Besides the greater overall reduction in LV mass in the empagliflozin group vs. the placebo group, the drug was associated with a greater reduction in LV mass indices in patients with baseline LV mass greater than 60 m/g2 vs. less than 60 m/g2 (P for interaction = .007).

Moreover, after 6 months of treatment, empagliflozin was associated with a greater decrease in ambulatory systolic BP (–7.9 mm Hg vs. –0.7 mm Hg; adjusted difference, –6.78 mm Hg; P = .003) and a nonsignificantly greater decrease in diastolic BP compared with placebo (–2 mm Hg vs. 0.8 mm Hg; adjusted difference, –2.07; P = .22). Treatment also resulted in a greater increase in hematocrit (2.4% vs. 0.4%; adjusted difference, 1.91; P = .006).

On cardiac MRI, the researchers did not find significant differences between groups in LV end-systolic volume (P = .36) or LV end-diastolic volume indexed to body surface area (P = .55), but LV ejection fraction increased by 2.21% more in the empagliflozin group than in the placebo group (P = .07).

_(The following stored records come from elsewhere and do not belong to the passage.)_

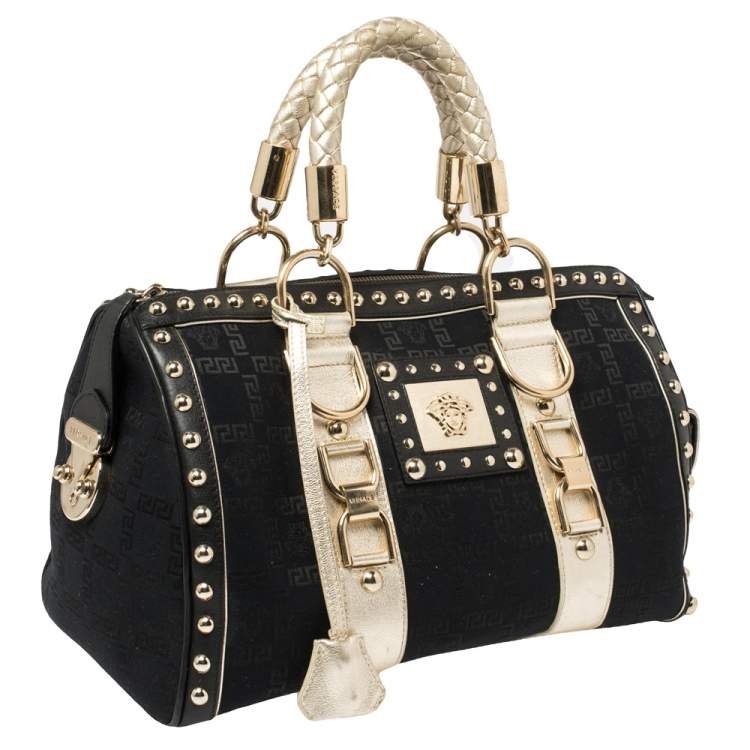 Pre Owned Versace Black Monogram Fabric and Leather Snap Out Of It Satchel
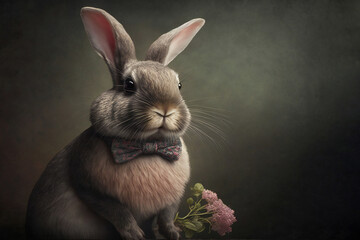 Easter Bunny next to eggs and flowers. Festive spring concept with rabbit. Generative AI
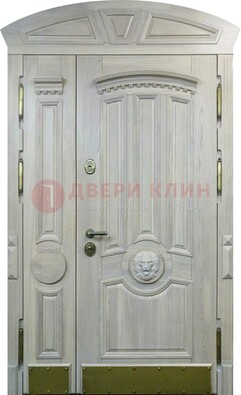 Светлая двухстворчатая дверь с виноритом на улицу ДВТ-258 в Жуковском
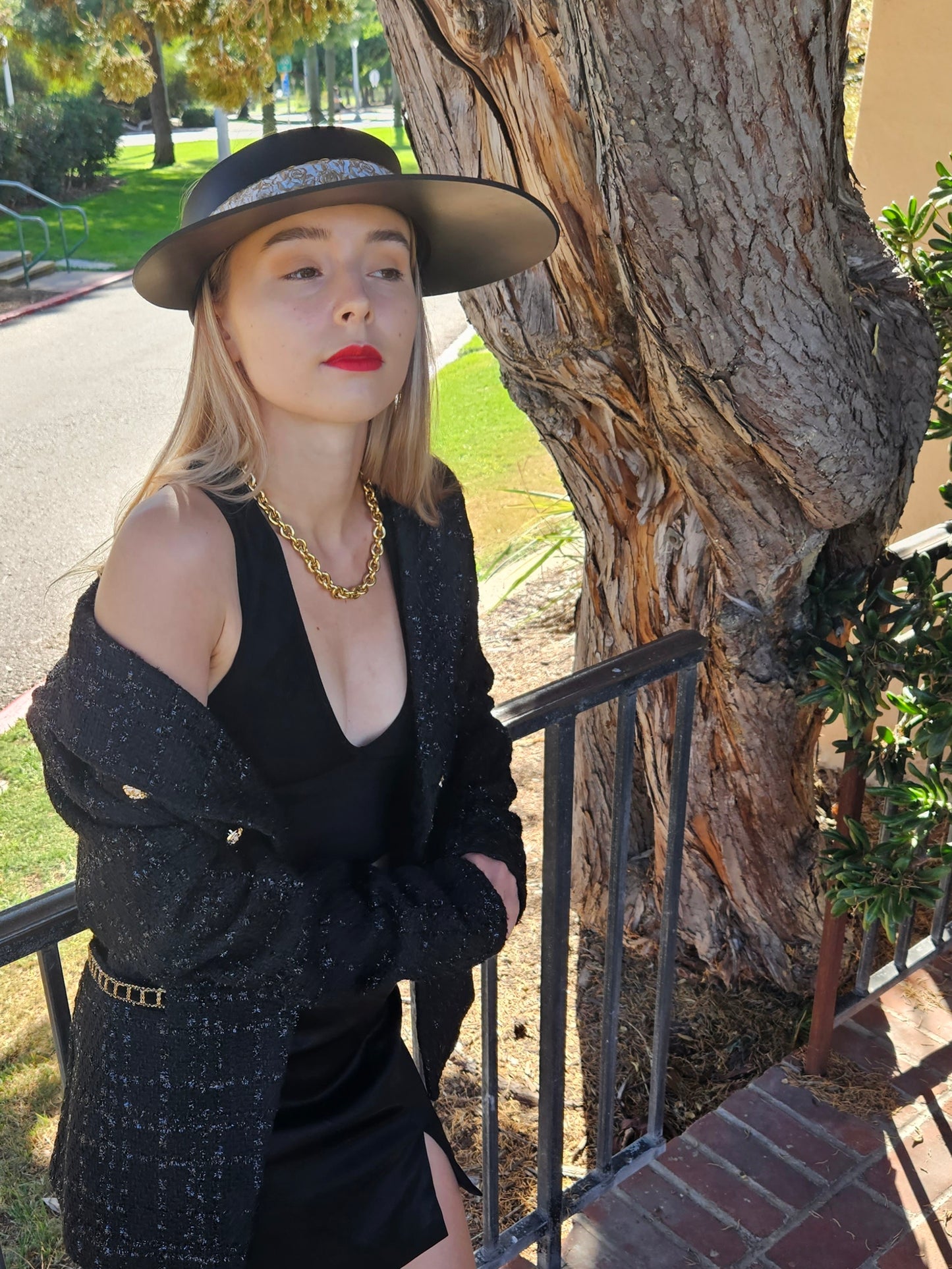 Black "LadyEVA" Visor Hat with Golden Floral Band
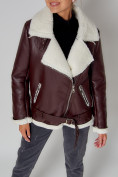 Купить Дубленка женская зимняя авиатор с мехом темно-коричневого 3321TK, фото 12
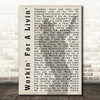 Garth Brooks Workin' For A Livin' Shadow Song Lyric Quote Print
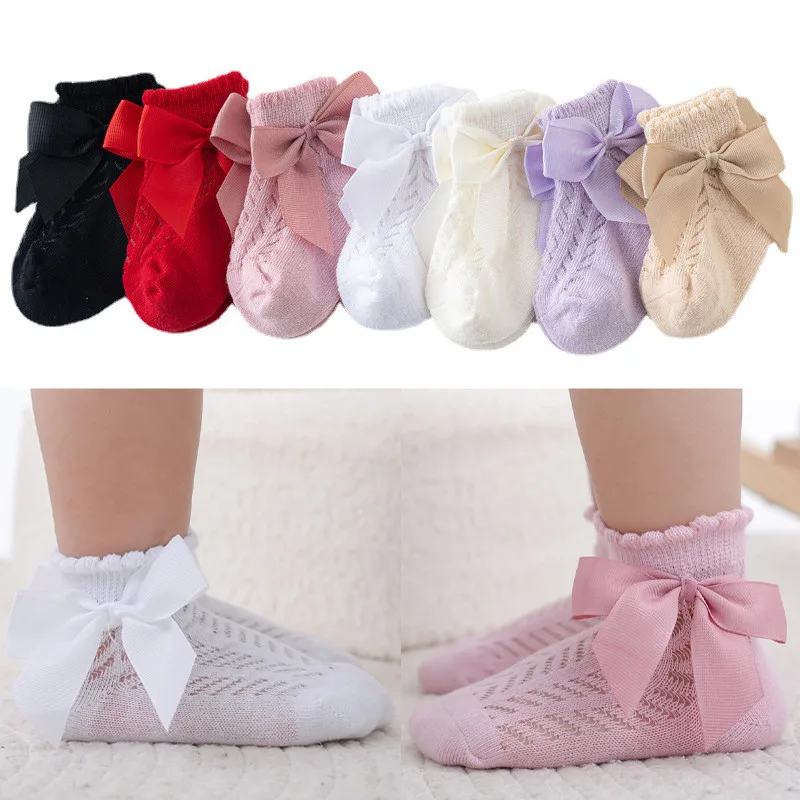 

0-3Years Baby Girls Socks With Big Bows Breathable Children Girl Short Socks Hollow Out Toddlers Kids Cotton Princess Cute Socks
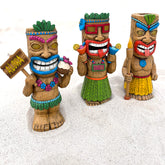 Darware tiki statues front view showing set of three and decorative appeal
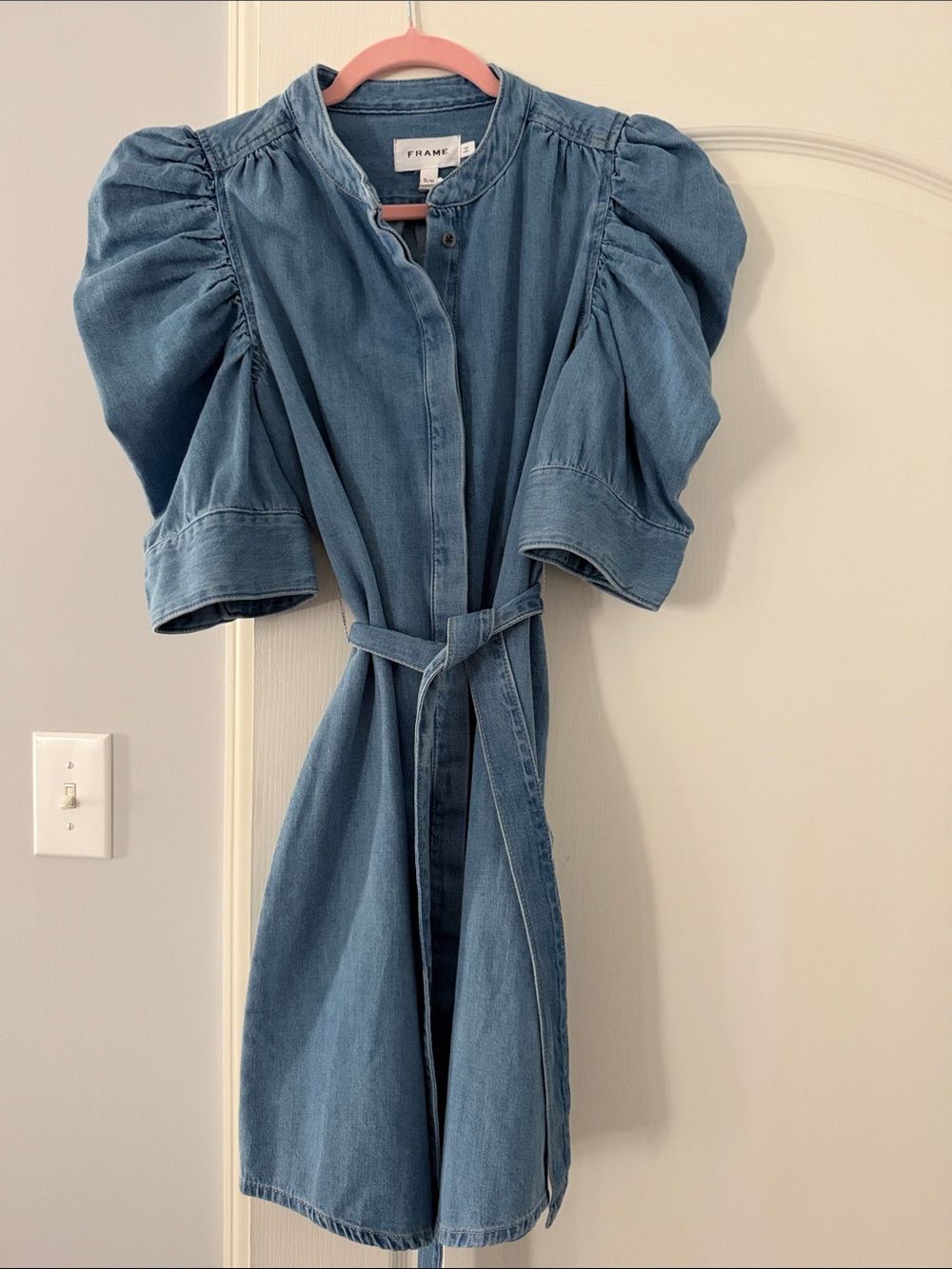 Frame Denim Blue Puff-Sleeve Tie-Waist Mini Dress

There were also no differences between groups in N-terminal pro-B-type natriuretic peptide (P = .28), troponin I (P = .38) or soluble ST2 (P = .53) during the study.

The drug was also extremely well-tolerated, with no significant differences in adverse events between groups.


Baseline characteristics were well-matched between groups, according to Verma. Patients were predominantly men, had a mean age of about 60 years and had a BMI of about 27 kg/m2. Duration of diabetes was approximately 10 years, very few patients had a history of HF and most had been treated for hypertension. Nearly all patients were on background metformin and one-quarter were on insulin, 96% on statins and 85% on ACE inhibitors or angiotensin receptor blockers.

“The study was representative of the EMPA-REG Outcome population, used the gold standard of cardiac MRI with blinded cardiac MRI assessment and included physiologic and biologic evaluations,” Verma said when noting the study’s strengths and limitations. “However, the study had a small sample size, short follow-up and included a stable and well-treated CAD population without marked LV hypertrophy at baseline.”

During a discussion of the findings, Elliott M. Antman, MD, professor of medicine at Brigham and Women’s Hospital and Harvard Medical School and past president of the American Heart Association, said it is important to note the relatively low-risk population with type 2 diabetes in the study. The change in LV mass, he added, was also robust and held up to an array of statistical adjustments.

“This reduction in LV mass is an important observation because it is an independent predictor of CV events, including incident HF,” Antman said.

In determining the drivers for this reduction in LV mass, he said empagliflozin was associated with lower systolic BP and higher hematocrit at 6 months.

“These surrogates suggest that our traditional concepts of afterload and preload appear to be favorably affected by SGLT2 inhibitors as a mechanism for lower LV mass,” Antman said.

The EMPA-HEART study is another notch in the win column for SGLT2 inhibitors with respect to CV benefits, according to Antman, as it joins the ranks of other studies, including DECLARE-TIMI 58 and a subsequent meta-analysis, which were also presented at the AHA Scientific Sessions, supporting the CV benefits of SGLT2 inhibitors, particularly with regard to HF.

Taken together, Antman added, these studies have the potential to change practice.

“As I leave Chicago, I plan to increase the use of SGLT2 inhibitors in my patients, especially if they have HF,” he said. – by Melissa Foster


Verma S. LBS.05 – Late Breaking Clinical Trial: Hot News in HF. Presented at: American Heart Association Scientific Sessions; Nov. 10-12, 2018; Chicago.

Disclosures: The EMPA-HEART CardioLink-6 trial was supported through an unrestricted, investigator-initiated grant from Boehringer Ingelheim. Verma reports he receives research grants and honoraria from Amgen, AstraZeneca, Boehringer Ingelheim, Eli Lilly, Janssen, Merck, Novartis, Novo Nordisk, Sanofi and Valeant. Antman reports no relevant financial disclosures.